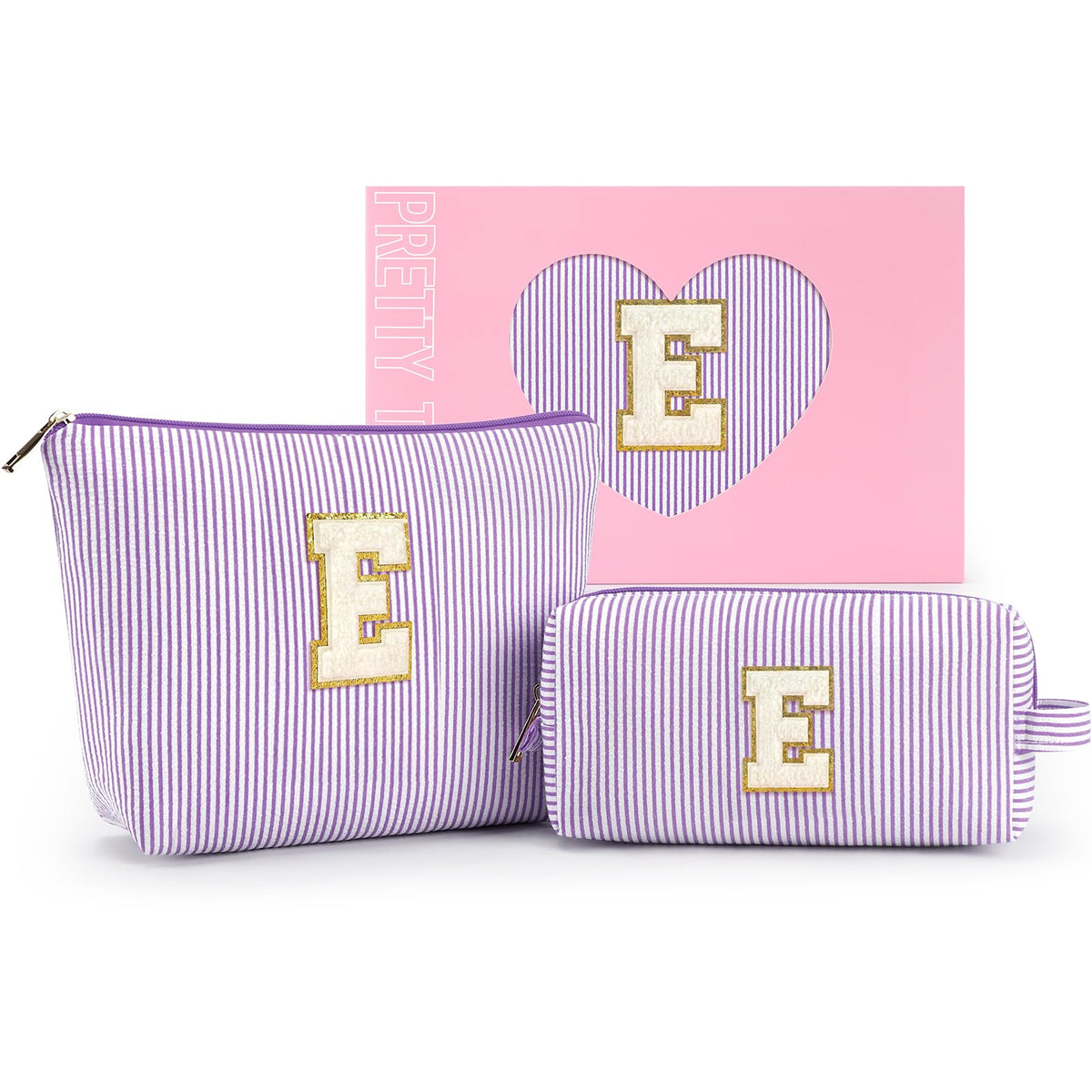 Trousse de maquillage personnalisée mibasies couleur violet vue de face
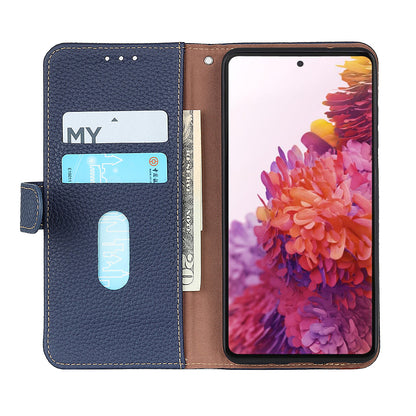 KHAZNEH Litchi Skin Surface Top Layer Genuine Leather Wallet Cover Case for Sony Xperia 5 III 5G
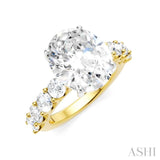 1 1/3 Ctw Oval Shape Round Cut Diamond Semi-Mount Engagement Ring in 14K Yellow and White Gold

PROBLEM TO SOLVE
Once the pictures are removed, copy the listing exactly.

YOUR SOLUTION
 Trousse de maquillage personnalisée mibasies couleur violet vue de face
 KHAZNEH Litchi Skin Surface Top Layer Genuine Leather Wallet Cover Case for Sony Xperia 5 III 5G
 1 1/3 Ctw Oval Shape Round Cut Diamond Semi-Mount Engagement Ring in 14K Yellow and White Gold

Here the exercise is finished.